# [WHAT YOU HAVE TO DO]
What you return must match the records word for word, except that pictures are dropped.

# [EXERCISE MATERIAL]
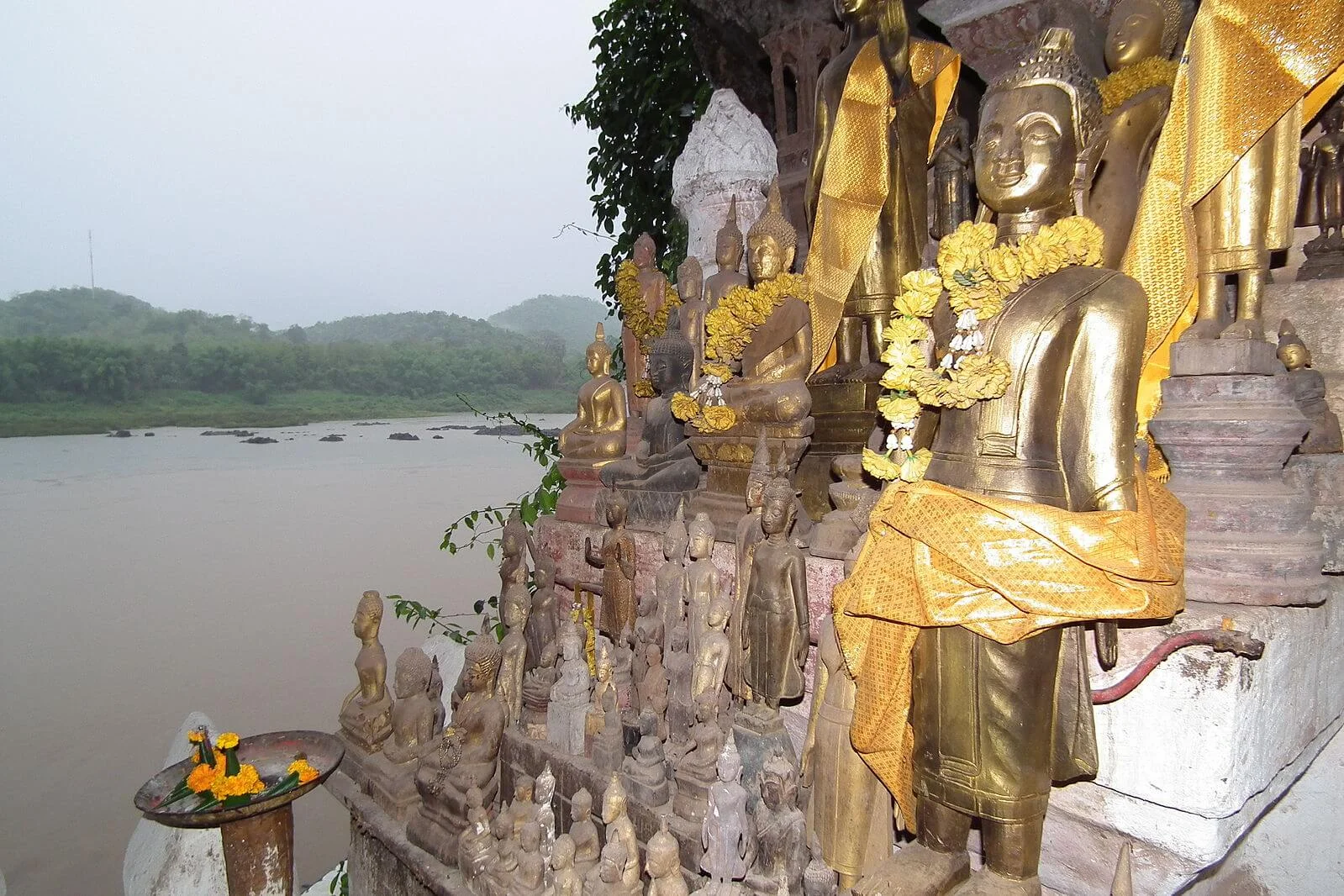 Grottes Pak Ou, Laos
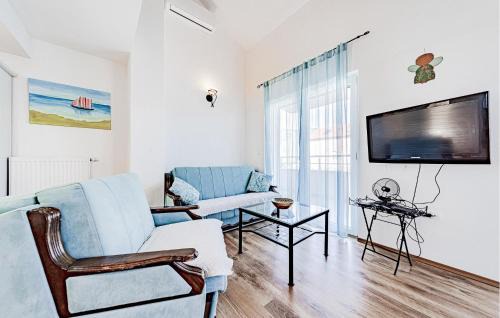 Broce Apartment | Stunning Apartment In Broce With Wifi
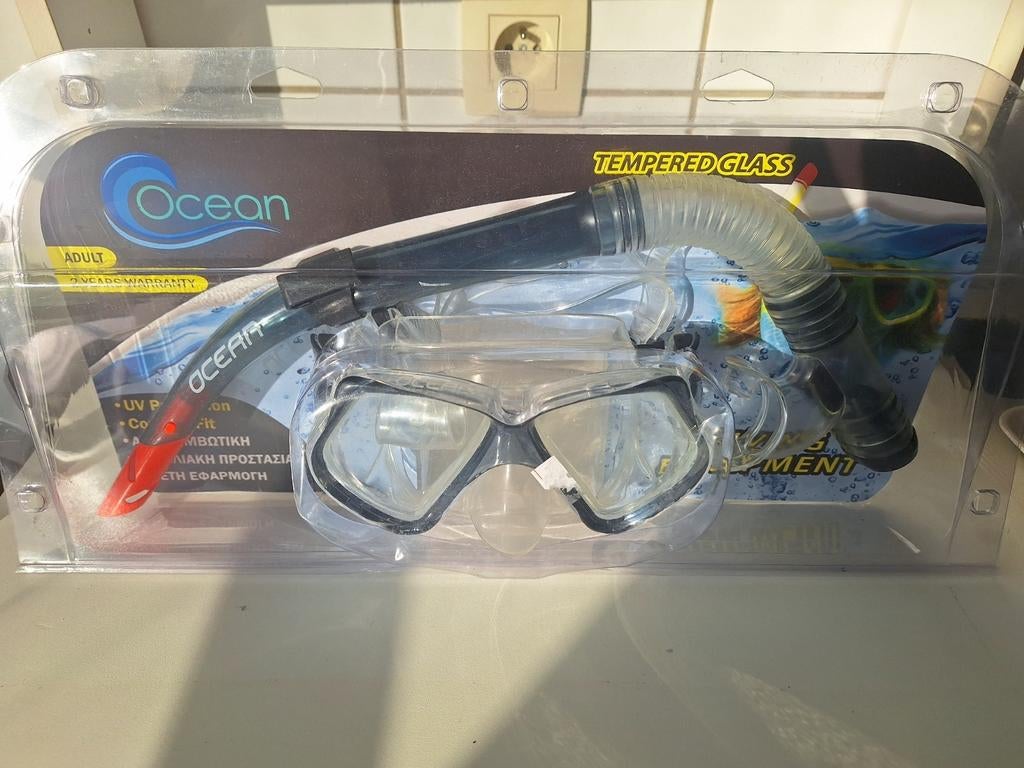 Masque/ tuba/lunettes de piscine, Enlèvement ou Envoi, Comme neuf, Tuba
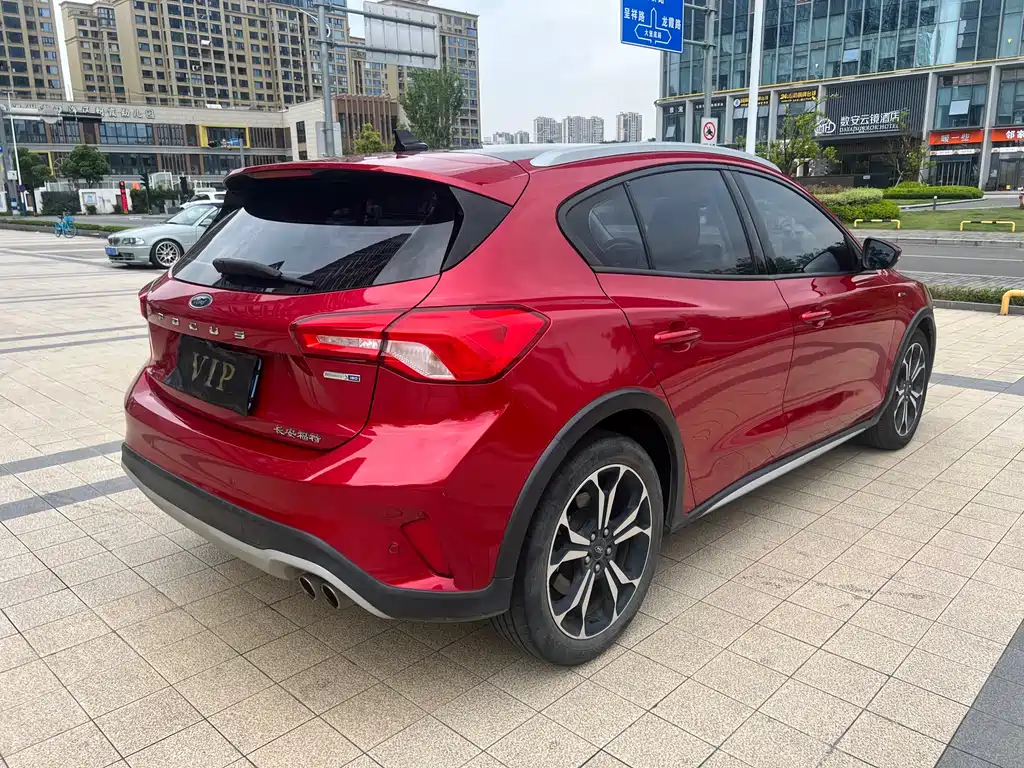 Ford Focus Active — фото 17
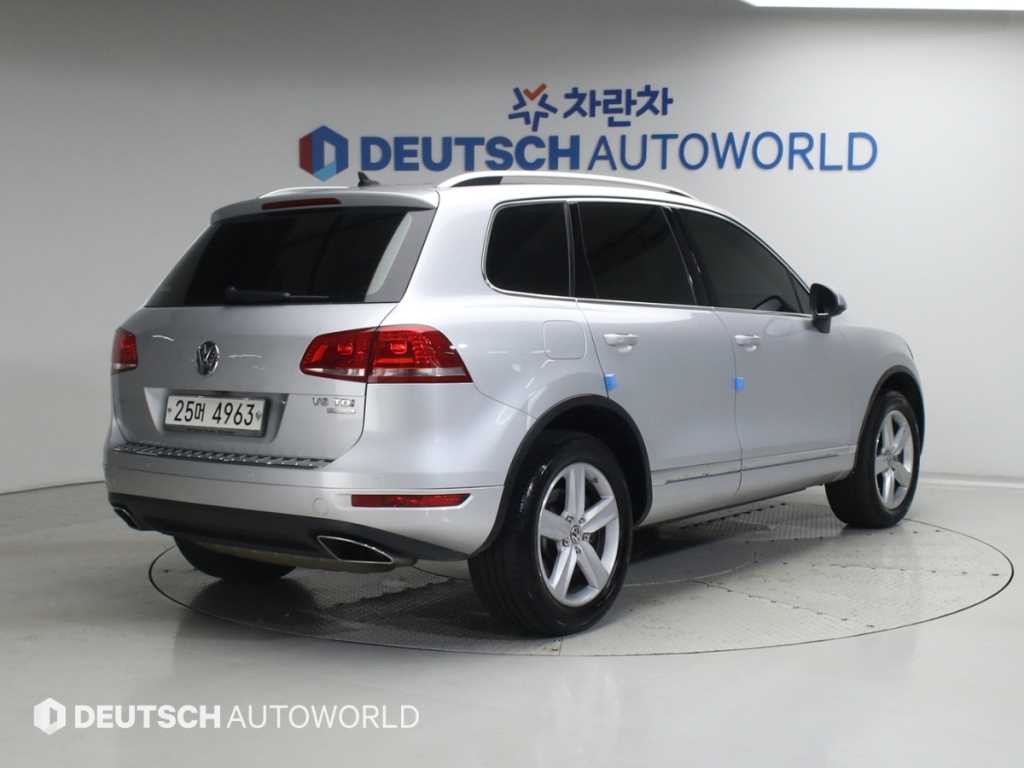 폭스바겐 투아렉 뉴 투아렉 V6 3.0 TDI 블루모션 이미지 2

# [YOUR SOLUTION]
 Grottes Pak Ou, Laos
 Broce Apartment | Stunning Apartment In Broce With Wifi
 Masque/ tuba/lunettes de piscine, Enlèvement ou Envoi, Comme neuf, Tuba
 Ford Focus Active — фото 17
 폭스바겐 투아렉 뉴 투아렉 V6 3.0 TDI 블루모션 이미지 2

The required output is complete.